START Recorded data
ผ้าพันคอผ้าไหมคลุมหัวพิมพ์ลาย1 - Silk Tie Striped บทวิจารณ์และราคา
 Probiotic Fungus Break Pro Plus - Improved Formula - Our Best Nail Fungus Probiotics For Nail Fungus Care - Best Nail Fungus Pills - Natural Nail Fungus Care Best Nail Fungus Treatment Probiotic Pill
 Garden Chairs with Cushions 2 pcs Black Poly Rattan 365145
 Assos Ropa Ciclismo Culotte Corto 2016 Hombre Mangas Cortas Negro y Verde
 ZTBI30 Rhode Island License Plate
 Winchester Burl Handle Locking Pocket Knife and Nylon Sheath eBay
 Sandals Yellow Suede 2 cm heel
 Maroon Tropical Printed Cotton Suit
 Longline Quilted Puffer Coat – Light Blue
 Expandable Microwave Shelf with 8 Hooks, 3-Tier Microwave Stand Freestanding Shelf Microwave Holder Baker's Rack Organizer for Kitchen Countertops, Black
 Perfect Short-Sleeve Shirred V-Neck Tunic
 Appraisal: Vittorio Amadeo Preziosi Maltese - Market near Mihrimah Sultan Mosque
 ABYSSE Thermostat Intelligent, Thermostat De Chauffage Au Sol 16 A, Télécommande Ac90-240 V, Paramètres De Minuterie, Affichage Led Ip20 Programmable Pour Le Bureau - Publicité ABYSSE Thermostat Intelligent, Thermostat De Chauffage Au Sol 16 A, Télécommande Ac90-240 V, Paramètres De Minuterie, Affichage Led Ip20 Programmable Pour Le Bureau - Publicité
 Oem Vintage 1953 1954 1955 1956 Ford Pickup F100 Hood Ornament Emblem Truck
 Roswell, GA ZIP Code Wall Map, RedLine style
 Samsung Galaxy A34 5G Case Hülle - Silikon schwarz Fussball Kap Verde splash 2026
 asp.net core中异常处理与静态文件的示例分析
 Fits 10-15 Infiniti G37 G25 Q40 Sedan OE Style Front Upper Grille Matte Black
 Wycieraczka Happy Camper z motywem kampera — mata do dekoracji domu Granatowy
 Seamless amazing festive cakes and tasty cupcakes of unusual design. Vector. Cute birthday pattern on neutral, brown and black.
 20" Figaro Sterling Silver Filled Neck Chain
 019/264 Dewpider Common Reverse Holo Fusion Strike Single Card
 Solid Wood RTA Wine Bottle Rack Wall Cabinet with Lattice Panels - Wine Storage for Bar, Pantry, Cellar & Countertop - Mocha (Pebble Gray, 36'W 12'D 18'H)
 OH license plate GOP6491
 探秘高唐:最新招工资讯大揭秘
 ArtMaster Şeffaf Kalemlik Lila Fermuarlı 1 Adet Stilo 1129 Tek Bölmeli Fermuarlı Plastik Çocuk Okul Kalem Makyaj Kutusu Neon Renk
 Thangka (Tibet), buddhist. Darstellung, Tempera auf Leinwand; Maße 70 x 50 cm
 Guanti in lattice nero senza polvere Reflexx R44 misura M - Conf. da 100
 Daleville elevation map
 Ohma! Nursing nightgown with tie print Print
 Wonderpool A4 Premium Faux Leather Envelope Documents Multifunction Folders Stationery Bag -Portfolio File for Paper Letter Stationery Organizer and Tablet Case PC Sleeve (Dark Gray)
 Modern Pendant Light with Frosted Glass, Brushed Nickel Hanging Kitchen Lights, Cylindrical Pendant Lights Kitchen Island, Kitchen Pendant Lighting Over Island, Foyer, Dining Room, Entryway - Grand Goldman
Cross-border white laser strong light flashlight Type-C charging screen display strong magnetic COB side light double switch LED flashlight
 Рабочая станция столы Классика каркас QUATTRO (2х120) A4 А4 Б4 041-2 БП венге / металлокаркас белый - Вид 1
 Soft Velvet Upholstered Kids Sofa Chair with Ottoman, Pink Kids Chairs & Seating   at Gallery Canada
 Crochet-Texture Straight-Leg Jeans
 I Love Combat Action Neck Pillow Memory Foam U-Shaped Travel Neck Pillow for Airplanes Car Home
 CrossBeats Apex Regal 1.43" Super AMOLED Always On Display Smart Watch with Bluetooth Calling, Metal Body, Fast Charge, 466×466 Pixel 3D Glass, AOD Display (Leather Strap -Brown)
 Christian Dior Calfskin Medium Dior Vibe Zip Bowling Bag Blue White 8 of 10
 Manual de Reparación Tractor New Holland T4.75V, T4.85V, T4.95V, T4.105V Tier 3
END Recorded data
Beginning with the line containing "Longline Quilted Puffer Coat – Light Blue" in the material above, copy every line exactly until you have copied the line containing "asp.net core中异常处理与静态文件的示例分析".

 Longline Quilted Puffer Coat – Light Blue
 Expandable Microwave Shelf with 8 Hooks, 3-Tier Microwave Stand Freestanding Shelf Microwave Holder Baker's Rack Organizer for Kitchen Countertops, Black
 Perfect Short-Sleeve Shirred V-Neck Tunic
 Appraisal: Vittorio Amadeo Preziosi Maltese - Market near Mihrimah Sultan Mosque
 ABYSSE Thermostat Intelligent, Thermostat De Chauffage Au Sol 16 A, Télécommande Ac90-240 V, Paramètres De Minuterie, Affichage Led Ip20 Programmable Pour Le Bureau - Publicité ABYSSE Thermostat Intelligent, Thermostat De Chauffage Au Sol 16 A, Télécommande Ac90-240 V, Paramètres De Minuterie, Affichage Led Ip20 Programmable Pour Le Bureau - Publicité
 Oem Vintage 1953 1954 1955 1956 Ford Pickup F100 Hood Ornament Emblem Truck
 Roswell, GA ZIP Code Wall Map, RedLine style
 Samsung Galaxy A34 5G Case Hülle - Silikon schwarz Fussball Kap Verde splash 2026
 asp.net core中异常处理与静态文件的示例分析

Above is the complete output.